Published online May 26, 2019. doi: 10.12998/wjcc.v7.i10.1111
Peer-review started: February 12, 2019
First decision: April 18, 2019
Revised: April 24, 2019
Accepted: May 1, 2019
Article in press: May 1, 2019
Published online: May 26, 2019
Processing time: 108 Days and 18.7 Hours
Acinetobacter species are simultaneously resistant to many antimicrobial agents, and treatment options are extremely limited. Although colistin appears to be the only remaining therapeutic option for extensively-resistant Acinetobacter infections, colistin resistance in Acinetobacter strains has been reported worldwide. Knowledge of the risk factors is important for colistin resistance. This study highlights risk factors of colistin resistance and salvage therapies in Acinetobacter sp. Infections.
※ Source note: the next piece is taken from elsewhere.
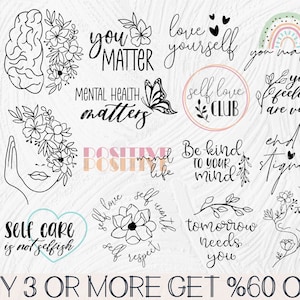 Paquete SVG de salud mental, SVG positivo, Club del amor propio SVG, You Matter Svg, Archivo PNG de salud mental para circuito, Descargas de diseños de sublimación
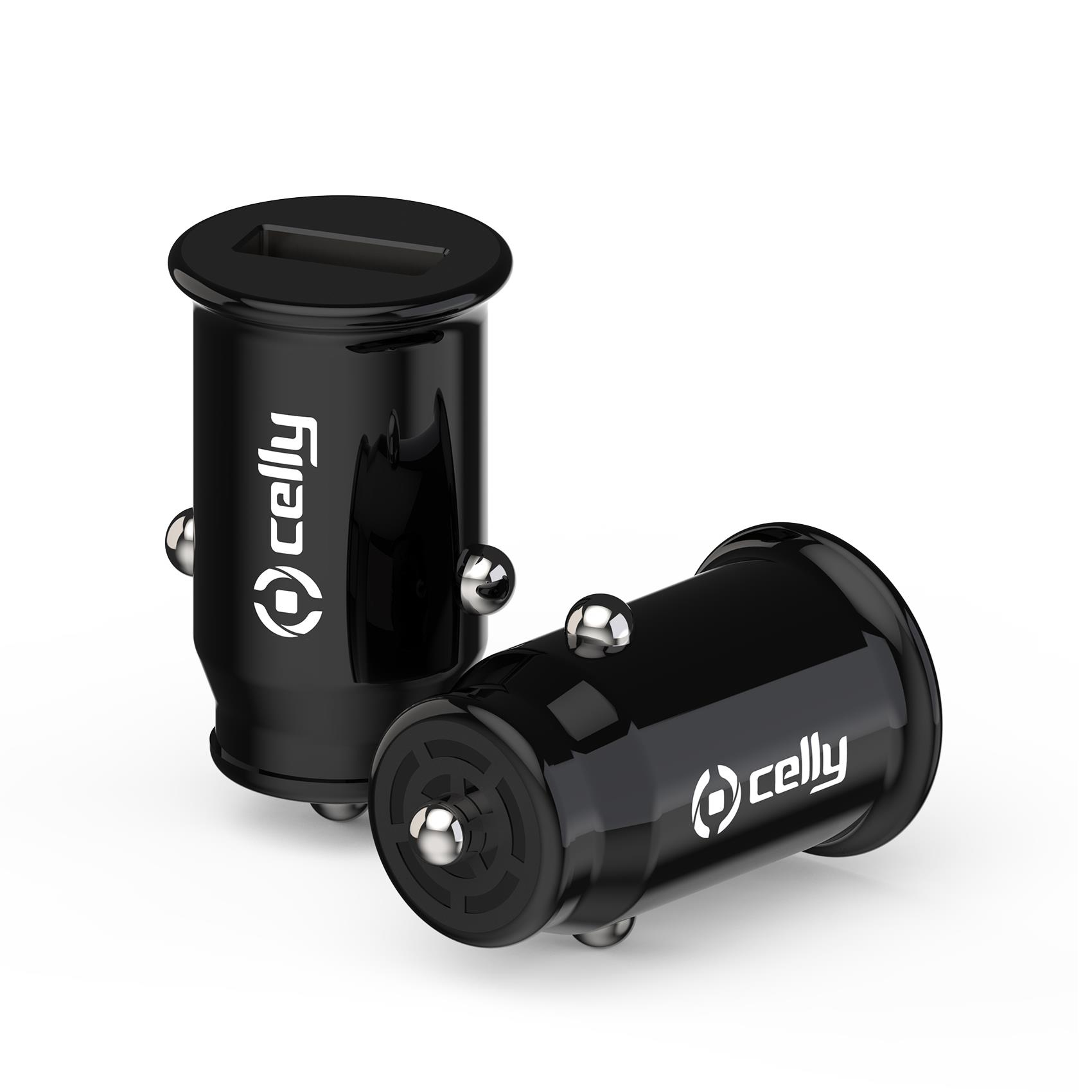 Dos cargadores USB para coche Celly negros. Uno vertical, el otro tumbado, ambos con el logotipo de Celly.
Infections with resistant Acinetobacter strains were found to be associated with high mortality rates. Combination therapies were commonly recommended since resistance could develop during therapies. The main goals for control of multidrug-resistant Acinetobacter should be early recognition, knowing risk factors, aggressive control of spread of the resistant strains. The problem for treatment of nosocomial infections with extensively- or pandrug-resistant Acinetobacter strains may be solved in future with development of new antimicrobial agents targeting these resistant strains.
In our study we evaluated the clinical responses and the outcomes of ventilator-associated pneumonia (VAP) patients with resistant Acinetobacter strains. The risk factors for colistin resistance were also investigated.
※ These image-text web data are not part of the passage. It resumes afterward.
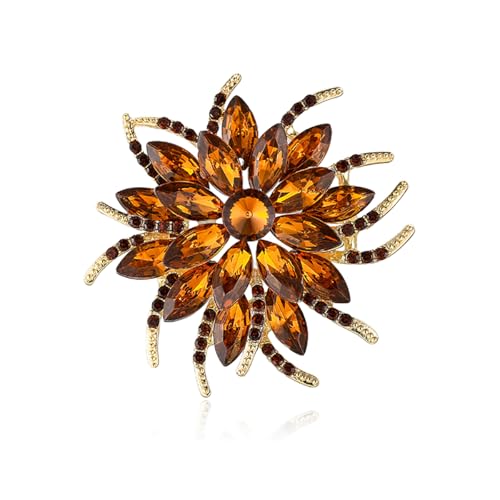 Strass-Blumenbrosche, große Kristall-Blumenbrosche, Anstecknadeln, für Hochzeiten, Partys, Geburtstage, Tänze, Bankette, Kleider, Anzüge, Zeremonien, Kleidung, Hüte von generic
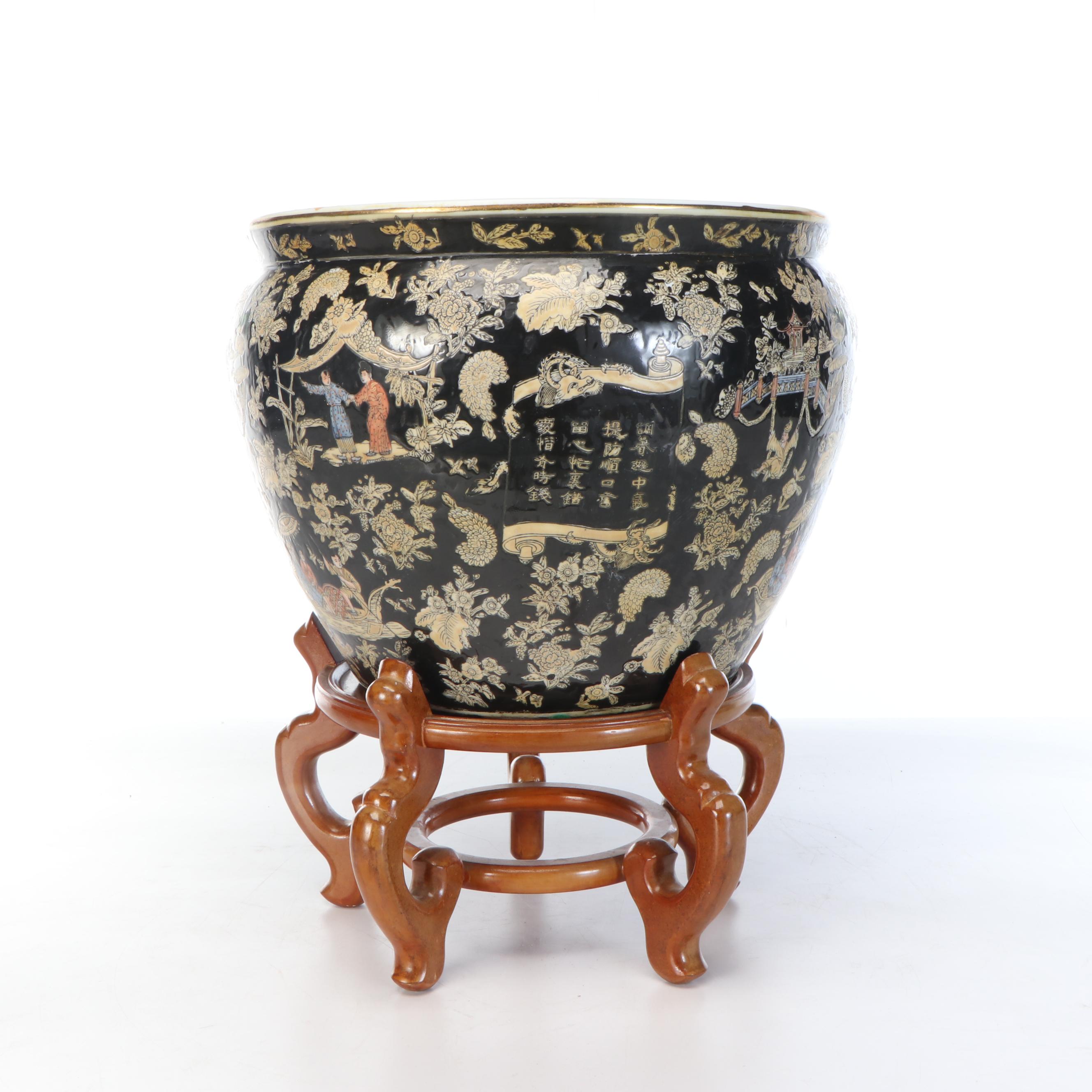 Chinese Famille Noir Porcelain Fishbowl Planter with Wood Stand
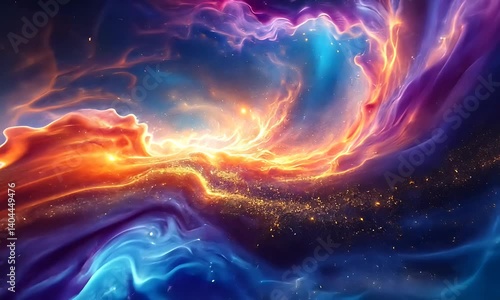Vibrant Nebula Space Art Colorful Cosmic Cloudscape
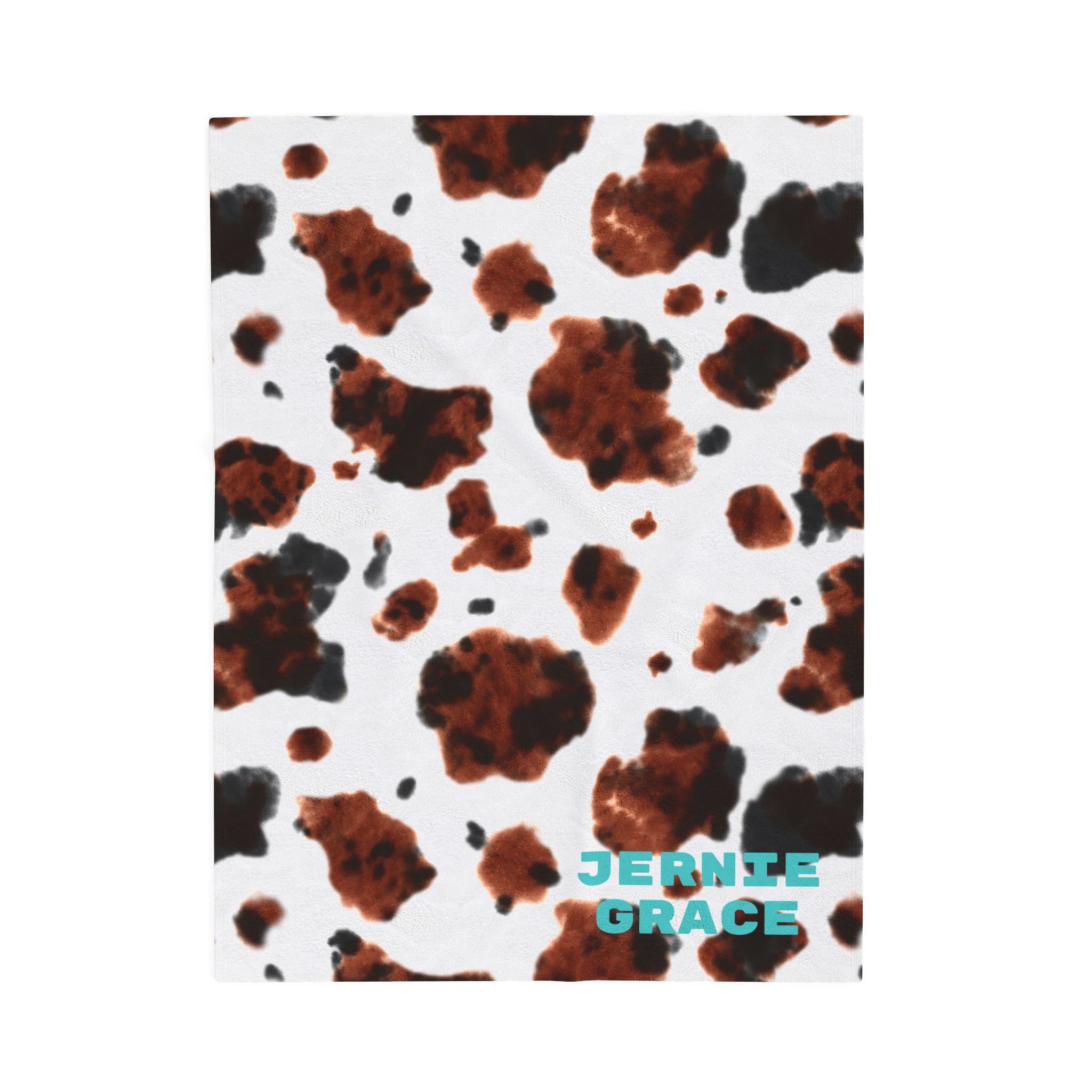Personalized Cowprint Blanket, Velveteen Plush Throw, Custom Name Gift for College Dorm, Camper, New Home, Made in USA, 3 Sizes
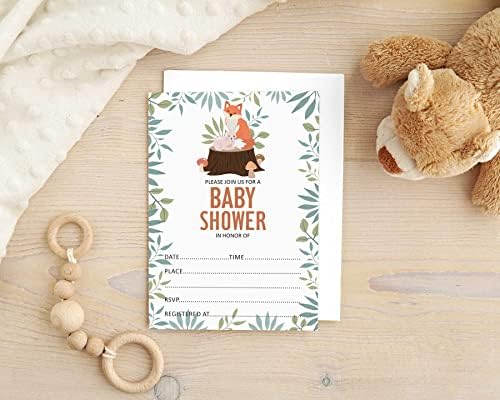 Pack of 30, Boy/Girl Baby Shower Party Collection, Baby Shower Invitation Cards, Fill in the Blank Invites WIth Envelopes, Fox Theme Party Supplies-a - Image 5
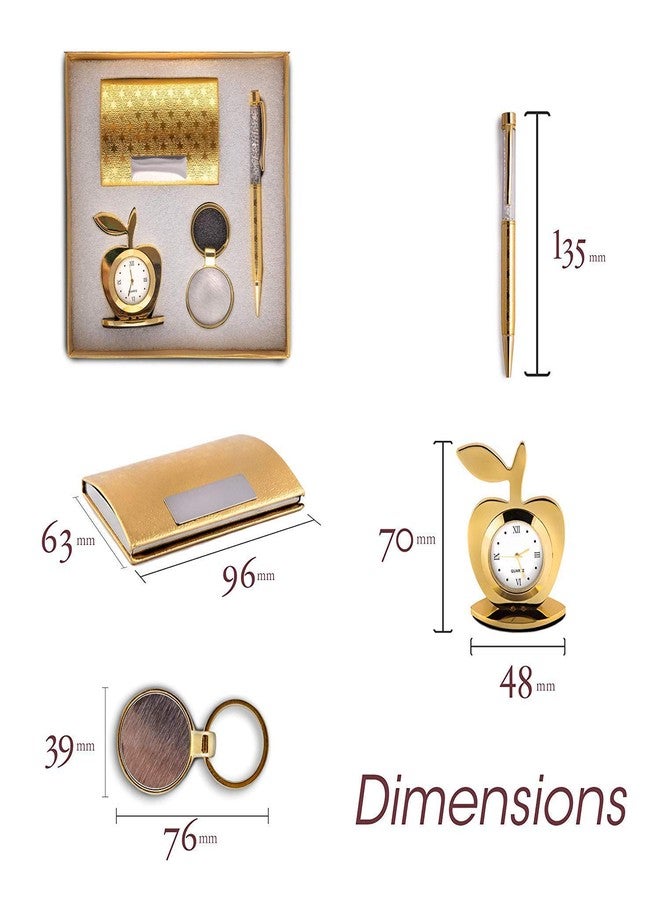 LAVANAYA SILVER®- Gold Plated 4-in-1 Corporate Gift Set for Men - Apple Shape Table Clock, Crystal Pen, Business Card Holder & Keychain - Ideal for Office | Anniversary | Birthday & Corporate Gifting - Image 3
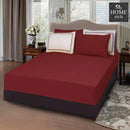 5 PCs Baratta Stitched Fitted Sheet Set Maroon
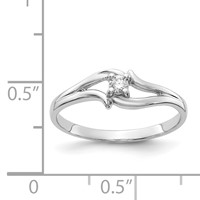 14K White Gold Polished AA Diamond Ring view 3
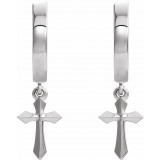 14K White Cross Drop Earrings - R17029600P photo 2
Between January 2015 and April 2018, 108 patients with VAP due to colistin-susceptible strains and 16 patients with colistin-resistant strains were included in this study retrospectively. These two groups were compared for the age, sex, comorbidities, prior receipt of antibiotics, mortality rates, APACHE II and SOFA scores, duration of microbiological cure and the clinical, laboratory, radiological, and microbiological responses. Mann-Whitney U test was used to compare continuous variables whereas Pearson’s χ2 test or Fisher’s Exact χ2 test was used to compare the categorical variables. The potential independent risk factors for infection with colistin resistant strains were identified by using a binary logistic regression model.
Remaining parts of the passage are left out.